I’m not very good with the calculus of functions of two variables so I need someone to check my working below.

Prove that ifx,y,zare the interior angles of a triangle, then $\displaystyle \cos{x}+\cos{y}+\cos{z}\leq\frac{3}{2}$.
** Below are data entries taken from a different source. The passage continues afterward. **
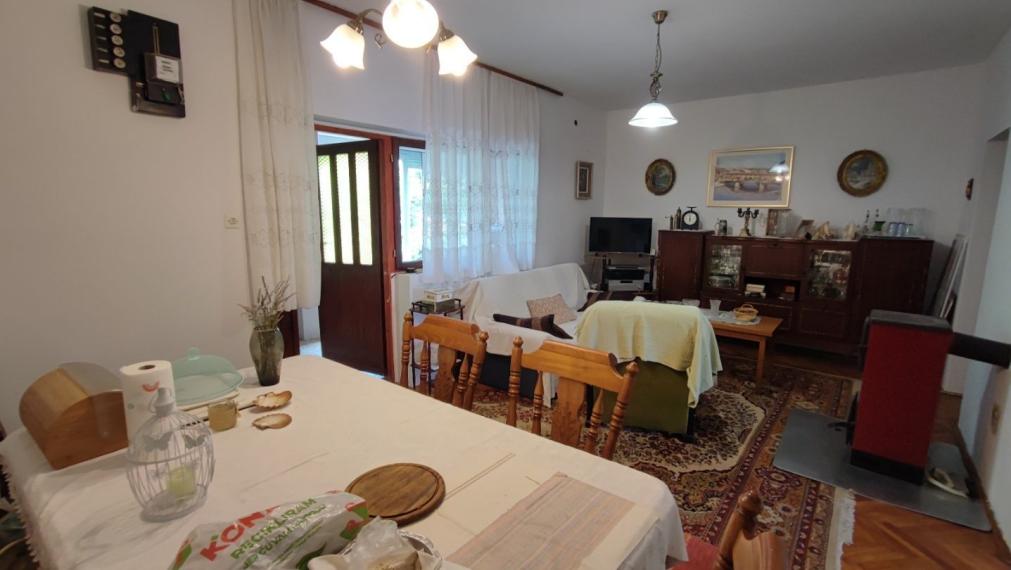 Dom s dvoma bytmi a záhradou, blízko mora, Sabunike-Nin, Zadar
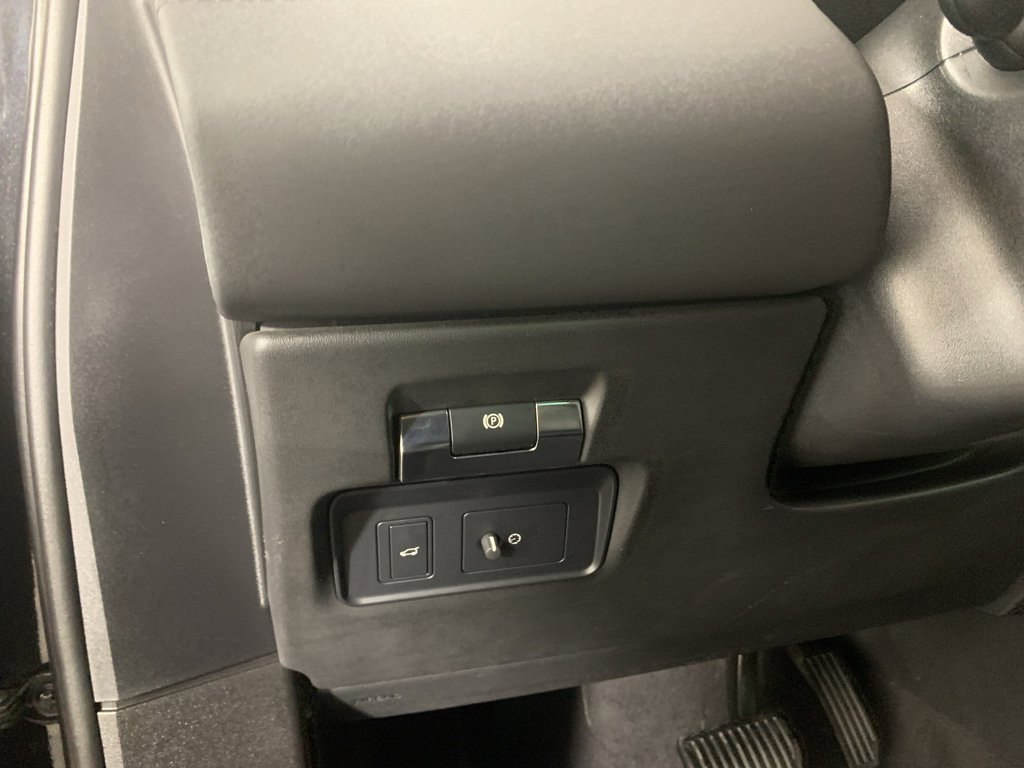 Used 2020 Land Rover Range Rover Evoque SE image 16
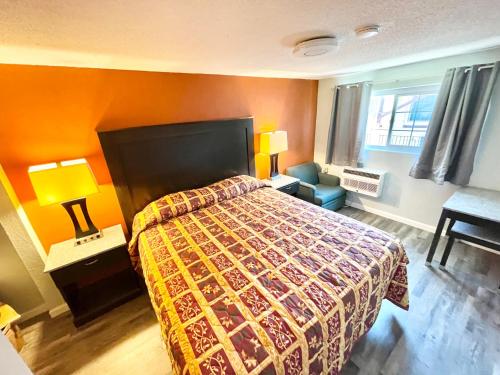 Royal Lodge – Coalinga, CA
I decided to use calculus to prove the result, so I defined a function of two variables

$\displaystyle \mathrm{f}(x,y)\ =\ \cos{x}+\cos{y}+\cos{(\pi-x-y)}\ =\ \cos{x}+\cos{y}-\cos{(x+y)}$

So

$\displaystyle \frac{\partial f}{\partial x}\ =\ -\sin{x}+\sin{(x+y)}$

$\displaystyle \frac{\partial f}{\partial y}\ =\ -\sin{y}+\sin{(x+y)}$

$\displaystyle \frac{\partial f}{\partial x}\ =\ \frac{\partial f}{\partial y}\ =\ 0\ \Rightarrow\ \sin{(x+y)}\ =\ \sin{x}\ =\ \sin{y}$

Since $\displaystyle 0\lneqq x,y\lneqq\pi$, we must have $\displaystyle x+y\ =\ \pi-x\ =\ \pi-y\ \Rightarrow\ x\ =\ y\ =\ \frac{\pi}{3}$.

Now

$\displaystyle \frac{\partial^2f}{\partial x^2}\ =\ -\cos{x}+\cos{(x+y)}$

$\displaystyle \frac{\partial^2f}{\partial y^2}\ =\ -\cos{y}+\cos{(x+y)}$

$\displaystyle \frac{\partial^2f}{\partial x\partial y}\ =\ \cos{(x+y)}$

$\displaystyle \therefore\ \left(\frac{\partial^2f}{\partial x^2}\right)\left(\frac{\partial^2f}{\partial y^2}\right)-\left(\frac{\partial^2f}{\partial x\partial y}\right)^2\ =\ \cos{x}\cos{y}-\cos{(x+y)}(\cos{x}+\cos{y})$

When $\displaystyle x=y=\frac{\pi}{3}$,

$\displaystyle \frac{\partial^2f}{\partial x^2}\ =\ -\frac{1}{4}\ <\ 0$ and

$\displaystyle \frac{\partial^2f}{\partial x^2}\frac{\partial^2f}{\partial y^2}-\left(\frac{\partial^2f}{\partial x\partial y}\right)^2\ =\ \frac{3}{8}\ >\ 0$

Hence f(x,y) has a maximum at $\displaystyle x=y=\frac{\pi}{3}\ (=z)$, which is $\displaystyle \frac{3}{2}$.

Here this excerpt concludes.